* [TASK OBJECTIVE] The required answer is an exact copy of every entry underneath.

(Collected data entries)
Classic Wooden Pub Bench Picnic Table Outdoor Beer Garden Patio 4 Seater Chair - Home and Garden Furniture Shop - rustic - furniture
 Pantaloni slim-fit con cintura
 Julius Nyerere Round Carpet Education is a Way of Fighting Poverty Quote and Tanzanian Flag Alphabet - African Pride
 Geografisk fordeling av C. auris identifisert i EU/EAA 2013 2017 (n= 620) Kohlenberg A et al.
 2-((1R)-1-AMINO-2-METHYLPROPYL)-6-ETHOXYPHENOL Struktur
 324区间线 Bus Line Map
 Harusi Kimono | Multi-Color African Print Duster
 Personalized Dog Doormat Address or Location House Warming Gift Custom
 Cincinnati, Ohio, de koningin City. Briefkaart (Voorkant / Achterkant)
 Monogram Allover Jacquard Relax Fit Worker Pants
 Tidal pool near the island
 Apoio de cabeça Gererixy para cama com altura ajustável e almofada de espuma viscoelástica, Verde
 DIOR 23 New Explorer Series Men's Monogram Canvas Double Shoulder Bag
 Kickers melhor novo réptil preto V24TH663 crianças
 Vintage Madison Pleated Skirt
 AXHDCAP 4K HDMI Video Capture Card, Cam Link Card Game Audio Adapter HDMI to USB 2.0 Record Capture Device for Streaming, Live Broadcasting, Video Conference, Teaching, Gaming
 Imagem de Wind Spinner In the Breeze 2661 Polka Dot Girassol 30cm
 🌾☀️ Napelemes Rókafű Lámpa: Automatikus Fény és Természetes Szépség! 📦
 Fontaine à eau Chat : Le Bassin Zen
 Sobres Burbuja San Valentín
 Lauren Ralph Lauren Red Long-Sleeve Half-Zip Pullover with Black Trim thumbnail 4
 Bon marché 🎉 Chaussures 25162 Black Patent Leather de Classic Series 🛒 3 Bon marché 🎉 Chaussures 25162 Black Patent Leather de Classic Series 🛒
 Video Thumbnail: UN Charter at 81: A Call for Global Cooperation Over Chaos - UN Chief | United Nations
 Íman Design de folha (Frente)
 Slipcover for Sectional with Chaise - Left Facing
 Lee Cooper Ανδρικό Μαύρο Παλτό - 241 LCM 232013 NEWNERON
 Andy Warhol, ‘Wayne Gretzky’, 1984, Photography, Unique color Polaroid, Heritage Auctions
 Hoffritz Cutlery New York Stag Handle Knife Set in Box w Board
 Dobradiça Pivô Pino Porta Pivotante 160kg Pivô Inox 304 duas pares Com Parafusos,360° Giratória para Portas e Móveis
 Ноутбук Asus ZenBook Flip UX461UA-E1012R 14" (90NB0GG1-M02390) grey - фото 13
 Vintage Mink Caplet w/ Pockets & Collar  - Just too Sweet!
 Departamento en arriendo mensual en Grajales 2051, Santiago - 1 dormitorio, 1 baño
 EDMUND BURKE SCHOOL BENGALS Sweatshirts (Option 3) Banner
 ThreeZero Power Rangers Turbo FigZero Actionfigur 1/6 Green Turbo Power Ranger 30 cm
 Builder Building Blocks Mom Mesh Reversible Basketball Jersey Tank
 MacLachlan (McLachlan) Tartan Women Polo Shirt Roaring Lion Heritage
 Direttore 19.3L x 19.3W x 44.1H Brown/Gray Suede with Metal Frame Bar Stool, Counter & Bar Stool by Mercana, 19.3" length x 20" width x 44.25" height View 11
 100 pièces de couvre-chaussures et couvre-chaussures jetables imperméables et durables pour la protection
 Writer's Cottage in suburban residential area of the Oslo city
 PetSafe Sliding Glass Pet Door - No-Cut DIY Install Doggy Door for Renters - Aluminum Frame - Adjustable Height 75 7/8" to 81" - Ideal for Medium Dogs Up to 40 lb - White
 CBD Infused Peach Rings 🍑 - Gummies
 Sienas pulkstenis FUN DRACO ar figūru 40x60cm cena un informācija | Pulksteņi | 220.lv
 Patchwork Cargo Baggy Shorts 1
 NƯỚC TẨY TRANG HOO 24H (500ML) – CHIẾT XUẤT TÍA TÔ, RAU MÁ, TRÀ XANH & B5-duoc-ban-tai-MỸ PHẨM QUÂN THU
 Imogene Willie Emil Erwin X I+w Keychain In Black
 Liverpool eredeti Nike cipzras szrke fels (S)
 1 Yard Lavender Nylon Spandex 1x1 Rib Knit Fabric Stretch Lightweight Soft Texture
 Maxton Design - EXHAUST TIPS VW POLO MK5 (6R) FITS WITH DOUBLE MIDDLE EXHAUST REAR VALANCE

* [ANSWER TO THE PROBLEM]
Classic Wooden Pub Bench Picnic Table Outdoor Beer Garden Patio 4 Seater Chair - Home and Garden Furniture Shop - rustic - furniture
 Pantaloni slim-fit con cintura
 Julius Nyerere Round Carpet Education is a Way of Fighting Poverty Quote and Tanzanian Flag Alphabet - African Pride
 Geografisk fordeling av C. auris identifisert i EU/EAA 2013 2017 (n= 620) Kohlenberg A et al.
 2-((1R)-1-AMINO-2-METHYLPROPYL)-6-ETHOXYPHENOL Struktur
 324区间线 Bus Line Map
 Harusi Kimono | Multi-Color African Print Duster
 Personalized Dog Doormat Address or Location House Warming Gift Custom
 Cincinnati, Ohio, de koningin City. Briefkaart (Voorkant / Achterkant)
 Monogram Allover Jacquard Relax Fit Worker Pants
 Tidal pool near the island
 Apoio de cabeça Gererixy para cama com altura ajustável e almofada de espuma viscoelástica, Verde
 DIOR 23 New Explorer Series Men's Monogram Canvas Double Shoulder Bag
 Kickers melhor novo réptil preto V24TH663 crianças
 Vintage Madison Pleated Skirt
 AXHDCAP 4K HDMI Video Capture Card, Cam Link Card Game Audio Adapter HDMI to USB 2.0 Record Capture Device for Streaming, Live Broadcasting, Video Conference, Teaching, Gaming
 Imagem de Wind Spinner In the Breeze 2661 Polka Dot Girassol 30cm
 🌾☀️ Napelemes Rókafű Lámpa: Automatikus Fény és Természetes Szépség! 📦
 Fontaine à eau Chat : Le Bassin Zen
 Sobres Burbuja San Valentín
 Lauren Ralph Lauren Red Long-Sleeve Half-Zip Pullover with Black Trim thumbnail 4
 Bon marché 🎉 Chaussures 25162 Black Patent Leather de Classic Series 🛒 3 Bon marché 🎉 Chaussures 25162 Black Patent Leather de Classic Series 🛒
 Video Thumbnail: UN Charter at 81: A Call for Global Cooperation Over Chaos - UN Chief | United Nations
 Íman Design de folha (Frente)
 Slipcover for Sectional with Chaise - Left Facing
 Lee Cooper Ανδρικό Μαύρο Παλτό - 241 LCM 232013 NEWNERON
 Andy Warhol, ‘Wayne Gretzky’, 1984, Photography, Unique color Polaroid, Heritage Auctions
 Hoffritz Cutlery New York Stag Handle Knife Set in Box w Board
 Dobradiça Pivô Pino Porta Pivotante 160kg Pivô Inox 304 duas pares Com Parafusos,360° Giratória para Portas e Móveis
 Ноутбук Asus ZenBook Flip UX461UA-E1012R 14" (90NB0GG1-M02390) grey - фото 13
 Vintage Mink Caplet w/ Pockets & Collar  - Just too Sweet!
 Departamento en arriendo mensual en Grajales 2051, Santiago - 1 dormitorio, 1 baño
 EDMUND BURKE SCHOOL BENGALS Sweatshirts (Option 3) Banner
 ThreeZero Power Rangers Turbo FigZero Actionfigur 1/6 Green Turbo Power Ranger 30 cm
 Builder Building Blocks Mom Mesh Reversible Basketball Jersey Tank
 MacLachlan (McLachlan) Tartan Women Polo Shirt Roaring Lion Heritage
 Direttore 19.3L x 19.3W x 44.1H Brown/Gray Suede with Metal Frame Bar Stool, Counter & Bar Stool by Mercana, 19.3" length x 20" width x 44.25" height View 11
 100 pièces de couvre-chaussures et couvre-chaussures jetables imperméables et durables pour la protection
 Writer's Cottage in suburban residential area of the Oslo city
 PetSafe Sliding Glass Pet Door - No-Cut DIY Install Doggy Door for Renters - Aluminum Frame - Adjustable Height 75 7/8" to 81" - Ideal for Medium Dogs Up to 40 lb - White
 CBD Infused Peach Rings 🍑 - Gummies
 Sienas pulkstenis FUN DRACO ar figūru 40x60cm cena un informācija | Pulksteņi | 220.lv
 Patchwork Cargo Baggy Shorts 1
 NƯỚC TẨY TRANG HOO 24H (500ML) – CHIẾT XUẤT TÍA TÔ, RAU MÁ, TRÀ XANH & B5-duoc-ban-tai-MỸ PHẨM QUÂN THU
 Imogene Willie Emil Erwin X I+w Keychain In Black
 Liverpool eredeti Nike cipzras szrke fels (S)
 1 Yard Lavender Nylon Spandex 1x1 Rib Knit Fabric Stretch Lightweight Soft Texture
 Maxton Design - EXHAUST TIPS VW POLO MK5 (6R) FITS WITH DOUBLE MIDDLE EXHAUST REAR VALANCE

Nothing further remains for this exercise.